Neil Aitken is the author of two books of poetry, Babbage’s Dream, a semi-finalist for the Anthony Hecht Prize, and The Lost Country of Sight, winner of the 2007 Philip Levine Prize for Poetry. His chapbook, Leviathan, won the 2017 Elgin Prize for Science Fiction Poetry. Of Chinese, Scottish, and English descent, Neil was born in Vancouver, BC, and grew up in Saudi Arabia, Taiwan, and various parts of the western United States and Canada before moving to the United States to pursue an undergraduate degree in computer science. He holds both a multi-genre MFA in Creative Writing from the University of California, Riverside and a PhD in Literature & Creative Writing from the University of Southern California. He is the founding editor of Boxcar Poetry Review, curator of Have Book Will Travel, and co-director of De-Canon. His own poems have appeared in The Adroit Journal, American Literary Review, The Collagist, Crab Orchard Review, Ninth Letter, Southern Poetry Review, and elsewhere.

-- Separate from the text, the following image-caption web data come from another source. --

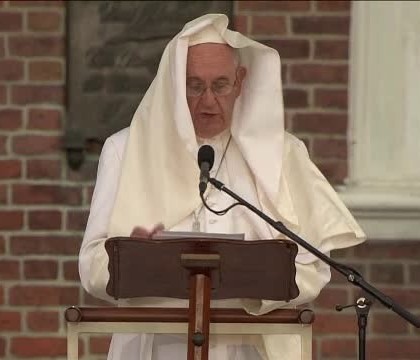 Papa Francisc a cerut sa vada din elicopter Statuia Libertatii si Ellis Island. Vantul i-a creat, din nou, probleme Papa Francisc a cerut sa vada din elicopter Statuia Libertatii si Ellis Island. Vantul i-a creat, din nou, probleme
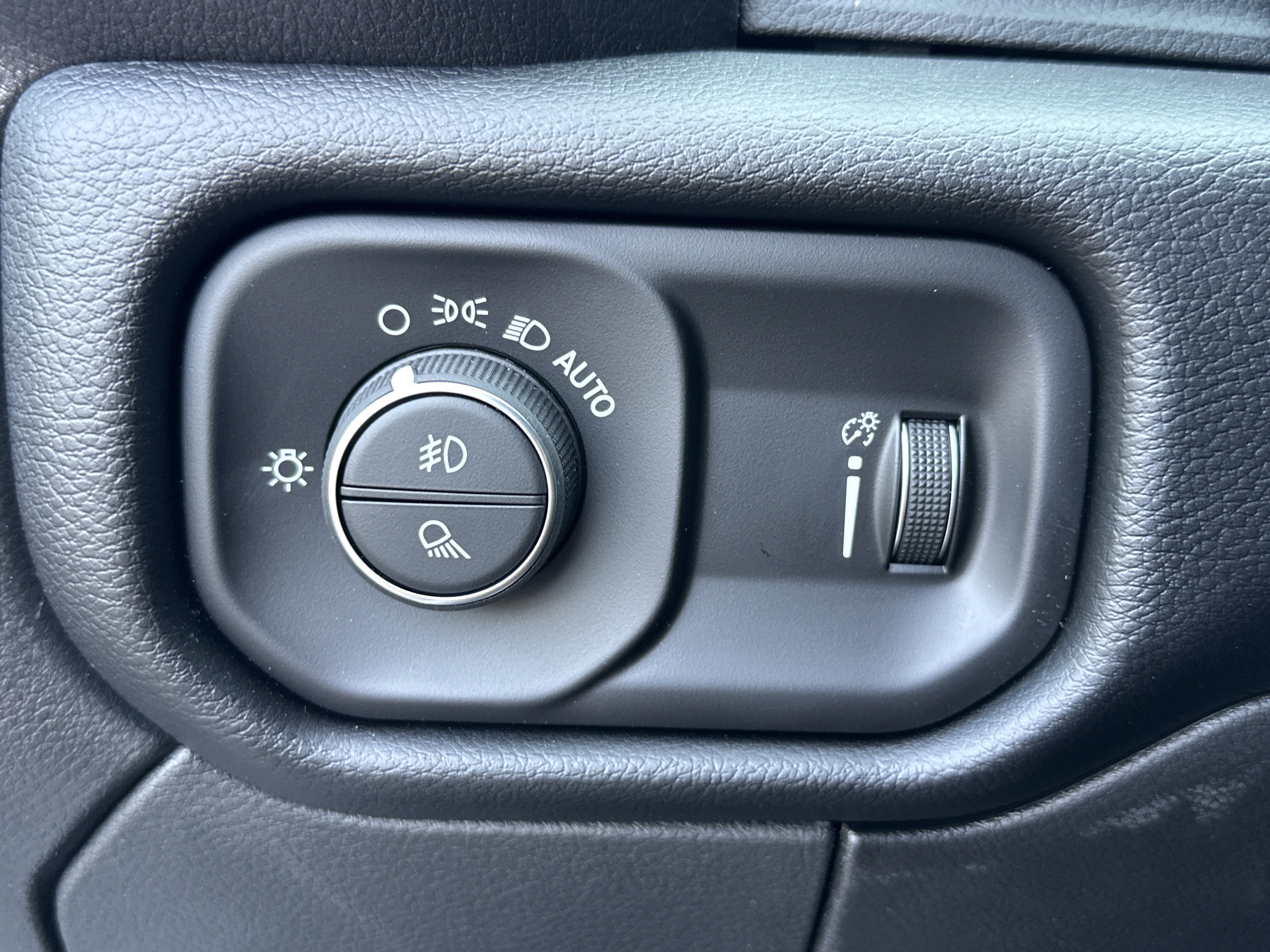 New 2026 RAM 3500 Big Horn AWD/4WD image 14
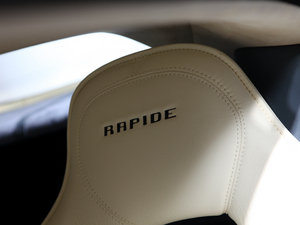 2009款V12 Vantage 空间座椅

In addition to writing poetry, Neil also works on literary translations of contemporary Chinese poetry and was awarded the 2011 DJS Translation Prize for his work. He has also written a libretto for a short opera produced by LA Opera and is working on Mothertongue, a longer libretto for a full-length opera with a planned 2026 debut. Other pursuits include creating literary podcasts, YouTube content, interactive fiction games, and content for the tabletop roleplaying game community.

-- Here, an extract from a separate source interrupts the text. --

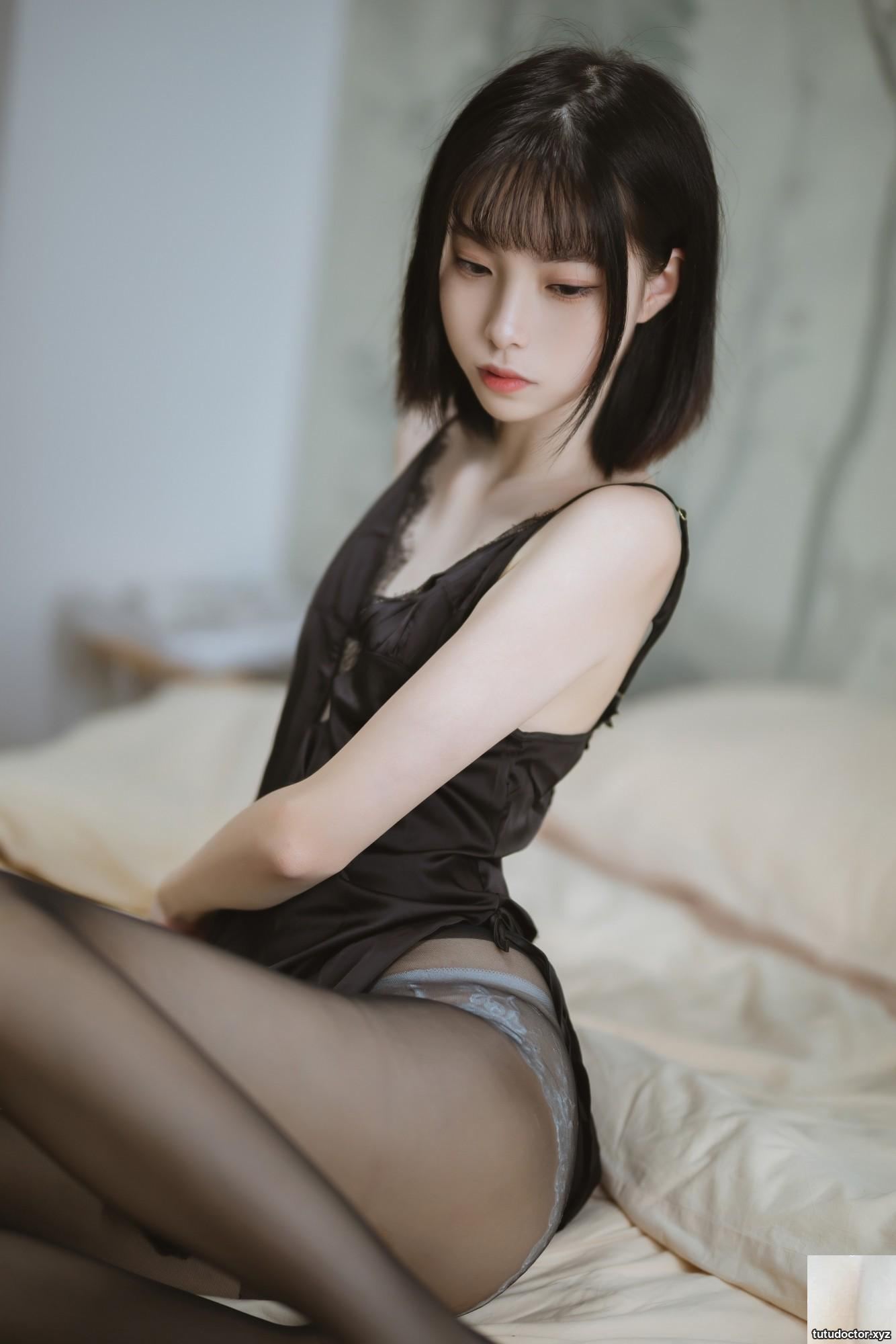 GMS (고말숙) Gray Little Vest Fair and beautiful waist cant be · photo 25 of 90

In 2019, he moved back to Canada and lived in Regina, Saskatchewan (2019-2023), where he served as the Virtual Writer-in-Residence for the Saskatchewan Writers' Guild in 2020, and as the 2021-2022 Writer-in-Residence for the Regina Public Library. He now serves as the International Regional Chair for Kundiman (www.kundiman.org). He moved to Vancouver, BC in 2023 and is presently pursuing a Master's in Library and Information Science at UBC.